OU's top 10 recruits in last 10 years

Sooners brought in a handful of highly-rated prospects but did better with rough diamonds

Everybody is looking for that big-name recruit to steal at the last minute and round out the perfect recruiting class. That’s not always the case, though.

Sometimes big-name recruits pan out. Other times, they flame out.

Sooners Illustrated has compiled the 10 highest-rated recruits in the past 10 years. Then just for fun, we put together the top 10 three-star or unrated recruits over the past ten years. Which team would you rather have?

10 highest-rated prospects nationally in the past 10 years.

10. R.J. Washington, 2008 (No. 25 overall) – An All-American defensive end in high school, Washington started just six games during his career at Oklahoma. He had a career year his junior season with five sacks and five pass break-ups. He had 34 tackles his senior year but never really emerged from a back-up role during his time with Oklahoma.

9. Keith Ford, 2013 (No. 22 overall) – Ford played immediately as a freshman with the Sooners and was named the starter for his sophomore season. He lost the job after an injury and the emergence of freshman running back Samaje Perine. In two years, he is averaging 6.63 yards per touch.

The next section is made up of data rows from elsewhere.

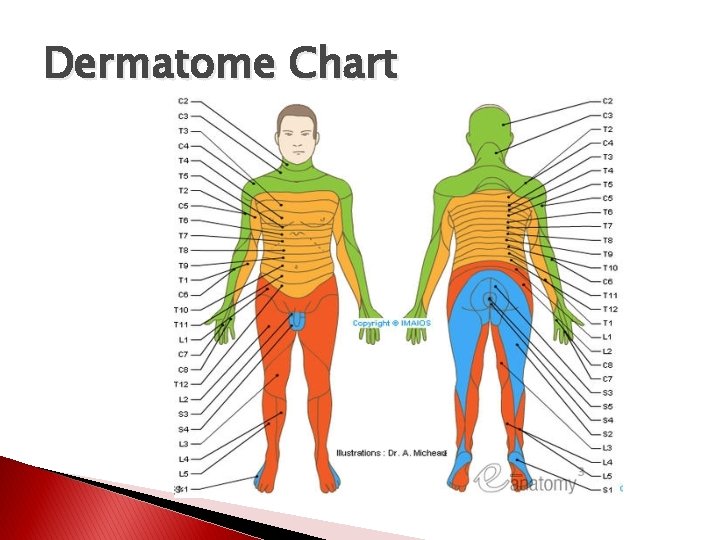 Dermatome Chart 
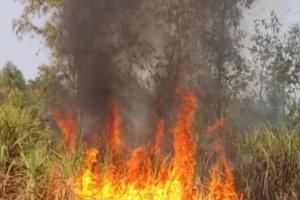 हरदोई: आग लगने से गन्ने की तीन एकड़ फसल जल कर राख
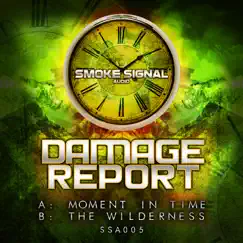 Moment In Time / The Wilderness - Single by Damage Report album reviews, ratings, credits
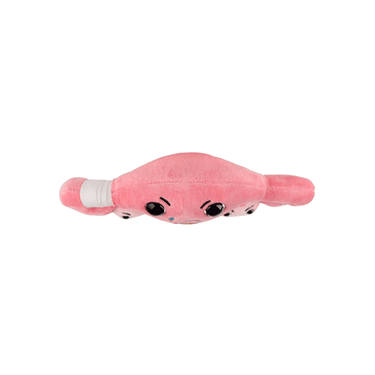 PMS Uterus Plush - Ziya Blue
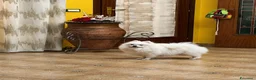 Volpino Pomerania cani in vendita: Pomerania con pedigree  a Provincia di Trieste - Annuncio 4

8. Trey Metoyer, 2011 (No. 21 overall) – Metoyer’s road at Oklahoma was a rocky one before he eventually fell off the rail. He didn’t qualify academically but started in 2012. He was benched after four games. The wide receiver has been arrested twice since then.

7. Gabe Lynn, 2009 (No. 20 overall) – After being rated as the No. 1 cornerback in the country, Lynn found a home as a safety with the Sooners – and he was one of the best. He made 116 tackles in his career and picked off four passes during his senior season.

6. Jermie Calhoun, 2008 (No. 19 overall) – A five-star running back coming in on the tail of Adrian Peterson and considered one of the best since, Calhoun redshirted his first year before being stuck behind DeMarco Murray as a sophomore. He transferred to Angelo State in 2011 after just 220 yards in 12 games.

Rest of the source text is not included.